▸ WORK ORDER
Copy only what lies from the line containing "2020 Mazda Mazda3 Sedan w/Select Pkg" through the line containing "CELHPB111-1REC4-40246-300-T QRCode" in the entries below, keeping both end lines exact and dropping every picture.

▸ SUPPLIED ENTRIES
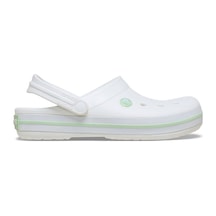 Crocs Crocband Unısex Terlik 11016 11016 1yl 1yl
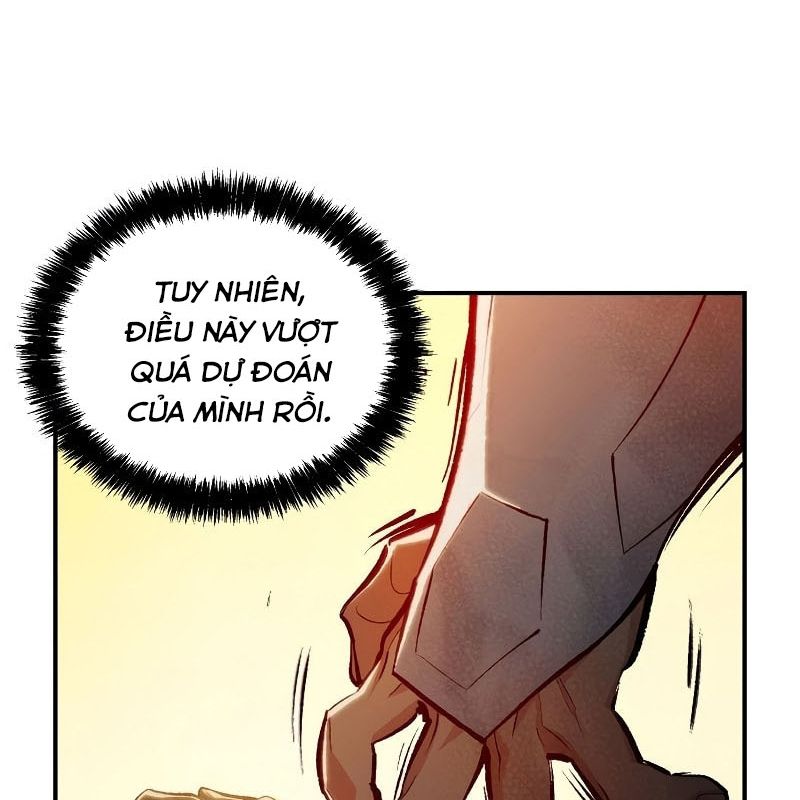 Tôi – Necromancer Cô Độc Chapter 42 - Trang 2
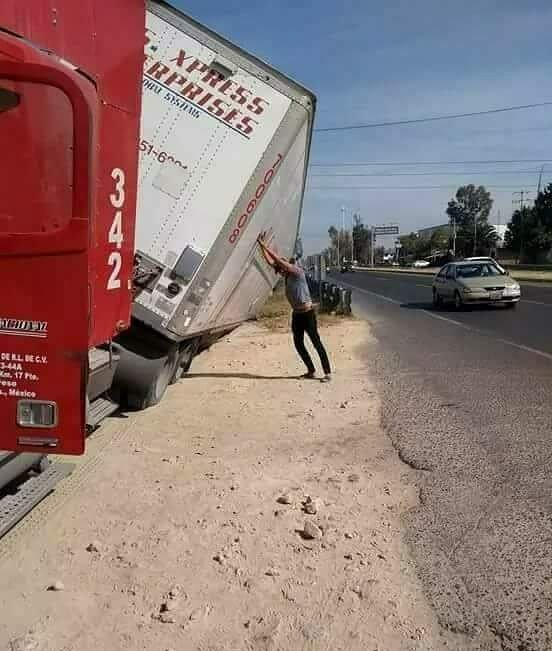 High Quality Sysyphus Blank Meme Template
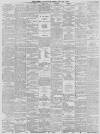 Belfast News-Letter Friday 03 January 1868 Page 2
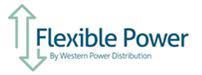 FLEXIBLE POWER by Western Power Disbribution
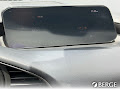 2020 Mazda Mazda3 Sedan w/Select Pkg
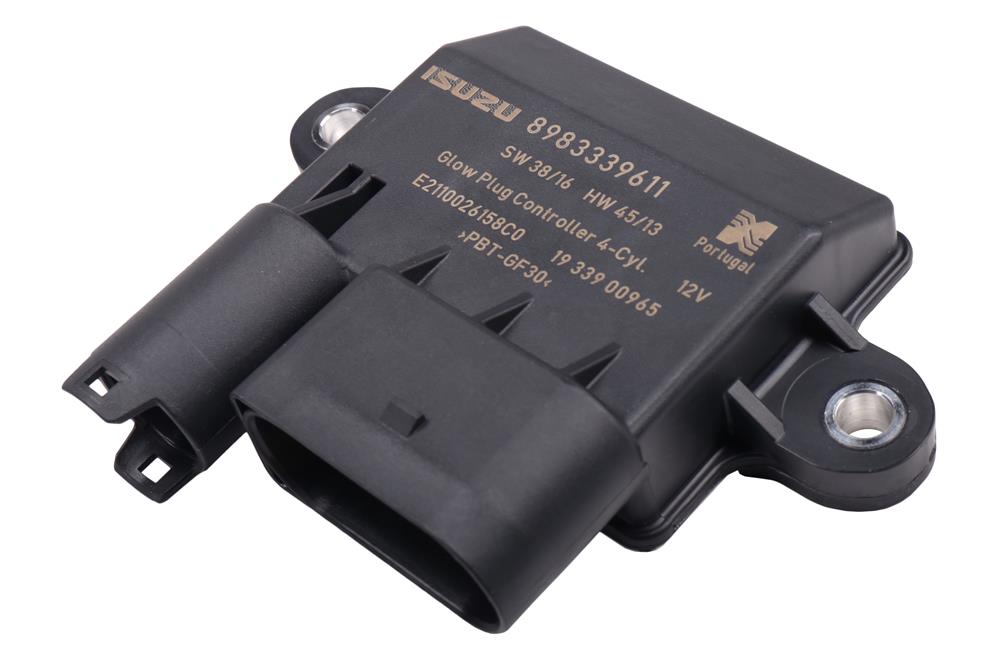 ContactGlove1 - Lサイズ Diver-X ダイバーエックス ContactGlove1 rev2 Lサイズ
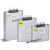 BSMJ0.45三相自愈式低压并联电力电容器补偿柜 BSMJ0.45-30-3（SH）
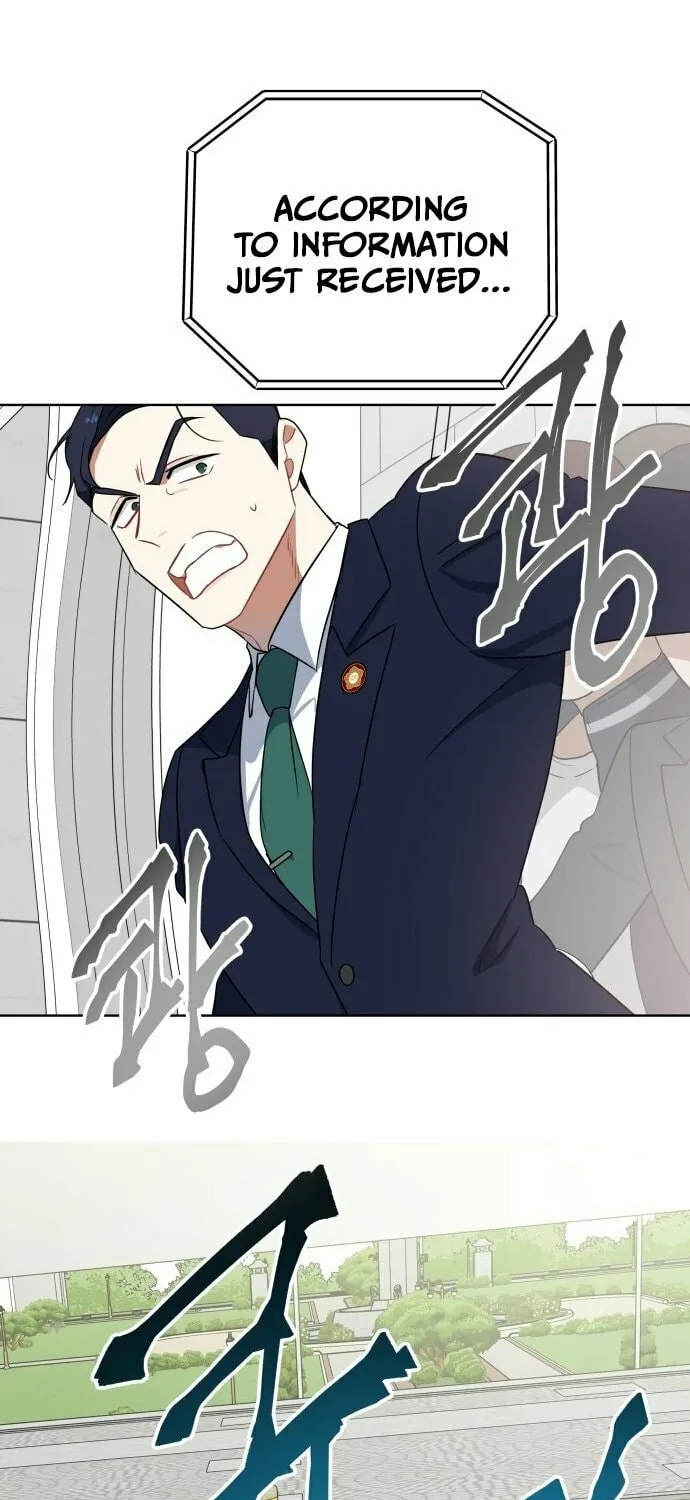 The Loser Is the First Lady Chapter 1 page 75 - 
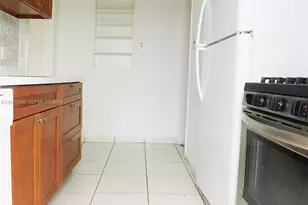 1735 Marseille Dr, Miami Beach, FL 33141 - Photo 15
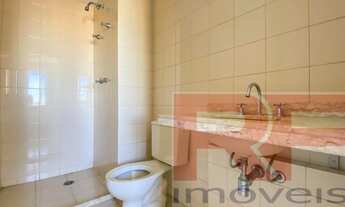 Imagem 5: São Paulo - Apartamento Padrão - Tatuapé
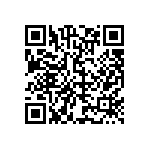 CELHPB111-1REC4-40246-300-T QRCode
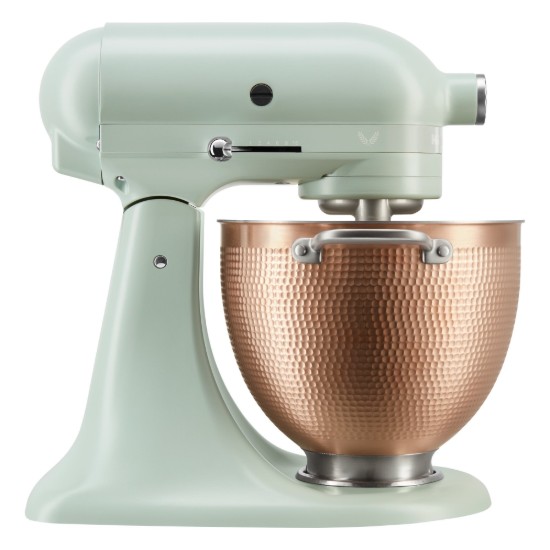 KitchenAid - Artisan Robotgép, 4.7L, 180-os modell, Design Edition, Blossom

▸ RESULT OF THE TASK
 2020 Mazda Mazda3 Sedan w/Select Pkg
 ContactGlove1 - Lサイズ Diver-X ダイバーエックス ContactGlove1 rev2 Lサイズ
 BSMJ0.45三相自愈式低压并联电力电容器补偿柜 BSMJ0.45-30-3（SH）
 The Loser Is the First Lady Chapter 1 page 75 - 
 1735 Marseille Dr, Miami Beach, FL 33141 - Photo 15
 Imagem 5: São Paulo - Apartamento Padrão - Tatuapé
 CELHPB111-1REC4-40246-300-T QRCode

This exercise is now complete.